Looking at the history of migration around the region can give us an idea of how to answer this question. After the 1917 Russian Revolution, Terekeme and Azeri communities from the Borçalı and Ağbaba regions of Georgia and the Molla Musa region of Armenia settled in Kars; they called the dish hangel, which was an adaptation into the local dialect of the name for the dish in the places they came from.
The words and expressions used in Kars and Gyumri were known to be especially concentrated around culinary culture and food production practices. The Armenians of Kars, who were forced to leave their homes during what was known as the time of kaça-kaç – whose name has remained unsettled – brought the dish they knew as ‘Tatar böreği’ with them on their way across the border.

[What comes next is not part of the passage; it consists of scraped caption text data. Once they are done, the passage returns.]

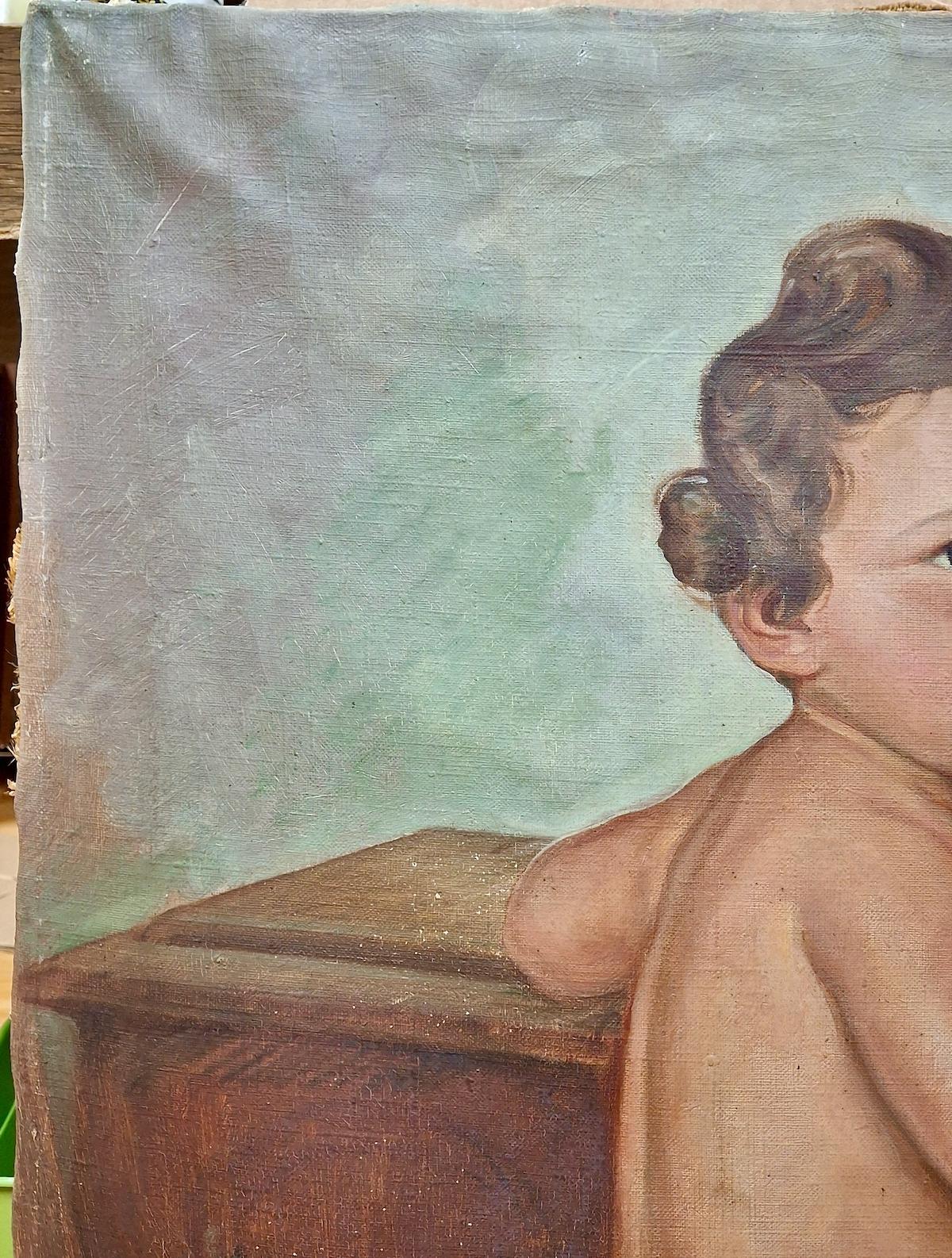 A Cherub with a Future Prime Minister Inside - Modern Painting by Vilko Šeferov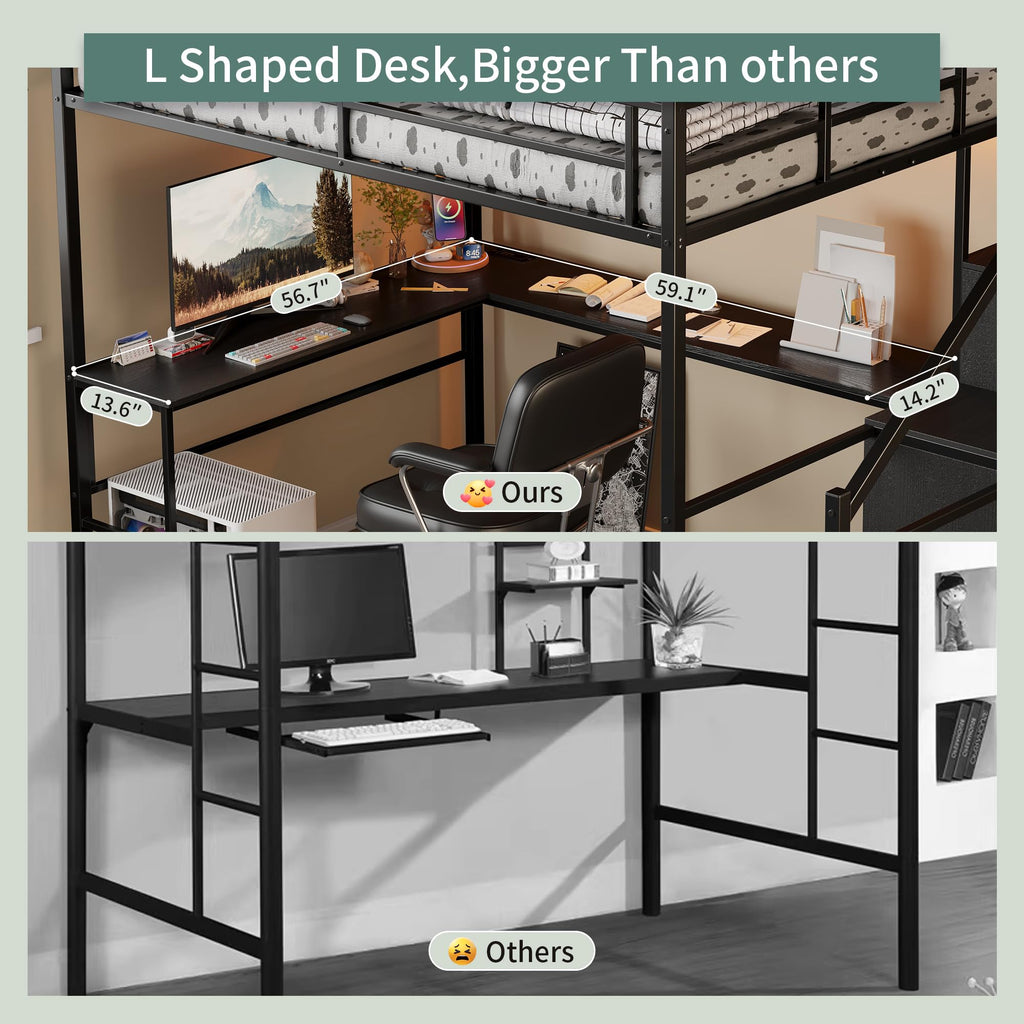 Full Size Metal Loft Bed with Desk & Storage Staircase K461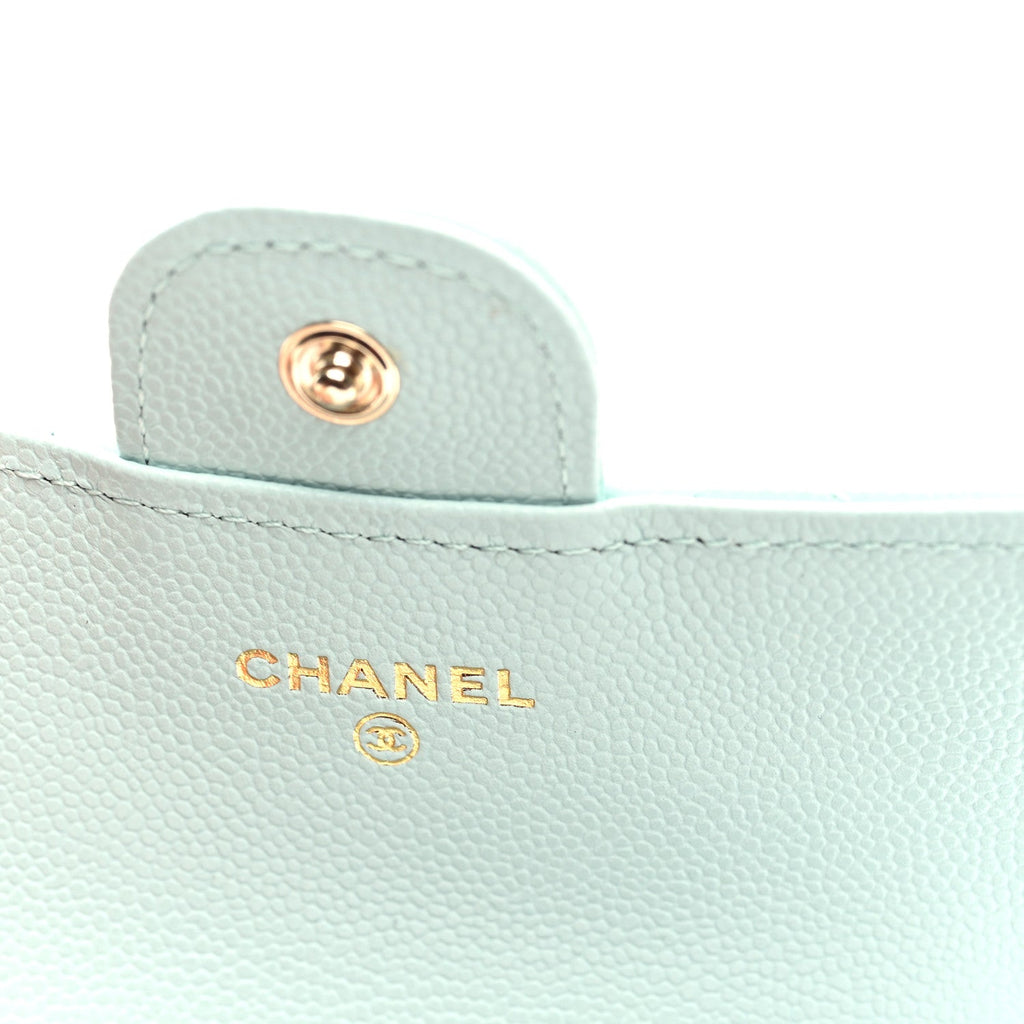 Caviar Quilted Flap  Holder Wallet Light Blue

Since the main ingredient is dough, everyone could put their own touch on hangel as if playing with playdough. The dough could be made thinner or thicker, filled or empty; it was topped with all kinds of ingredients; and based on the geographical conditions of the people making it, together with their cultural backgrounds, the dish took on different names and local flavours. Yet still, hangel speaks to those who want to hear, without accepting the familiar patterns imposed by nation-state borders…
For the dough:
2 cups water or milk
3–4 cups flour
For the sauce:
3–4 cloves of garlic
1–2 tablespoons of tomato paste
Kurut (dried yoghurt) or yoghurt
To make the dough, combine one cup of milk, two eggs, salt to taste, and as much flour as necessary. Knead the dough until it is quite stiff, then leave it on the countertop to proof. Once it has risen completely, cut the dough in half with a sharp knife and then divide it into balls.
If using kurut rather than fresh yoghurt, add water to it so that it begins to rehydrate, and meanwhile roll the dough into a phyllo. On a floured surface, first cut the phyllo into ribbons, and then cut the ribbons into stamp-sized squares.

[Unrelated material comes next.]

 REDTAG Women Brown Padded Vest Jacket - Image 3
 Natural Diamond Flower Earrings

Meanwhile, boil a large pot of water on the stove; salt the water and boil the dough squares briefly. Pan-fry the onions in clarified butter; when the onions are cooked, add one to two tablespoons of tomato paste. Drain the boiled dough squares in a colander or simply ladle them out onto a tray. Pour the now creamy rehydrated kurut over top and mix. Serve with the tomato and onion sauce.
Translation by Janine Su
- Orhan Pamuk, Kar, first edition (Istanbul: İletişim Publications, 2002); Snow, trans. Maureen Freely (New York: Vintage Books, 2005).
- Herrenmek: A word used in the local dialect to mean ‘to return’.
- The Yerli is an ambiguous ethnic category in Kars constructed by those who define themselves as the first Turkish and Sunni settlers in Kars in reference to their Ottoman and even earlier heritage, in order to differentiate themselves from the Kurds, Azeris and Terekemes in the region. Please see Zeynep Kübra Sarıaslan, ‘Pamuk’s Kars and Its Others: An Ethnography on Identifications And Boundaries of Ethnicity, Nationalism and Secularism’, unpublished master’s thesis, Middle East Technical University, Ankara, Turkey, 2010, 45–49.
- Kurut is the name used for dried yoghurt in the Eastern Anatolia region; it is made by straining and drying yoghurt.
- Ahmet Caferoğlu, ‘Kafkasya Türkleri’ [Caucasian Turks] in Türk Kavimleri [Turkic Peoples] (Ankara: Türk Kültürünü Araştırma Enstitüsü, 1983).
- Different varieties of this dish are known; these are called khinkali in Georgia, xengel in Azerbaijan, and hinkal in Dagestan. The use of khingel is also seen in Kars.
- Within the scope of this project, the Kars City and Culture Research Association published a book along with a documentary film. The project titled Beraber Az mı Tuz Ekmek Yedik (Haven’t We Shared Much Salt and Bread) was carried out and coordinated by İhsan Karayazı and Armine Avetisyan and focused on the similarities between Kars and Gyumri cuisines. For the book in scope of the project, see: Beraber Az mı Tuz Ekmek Yedik (Ankara: Kars City and Culture Research Association, 2017).
- This is a local term that refers to the mass population movements that started before and continued after World War I. In some places, the events are also referred to as wartime mobilisation (seferberlik) or kaç ha kaç.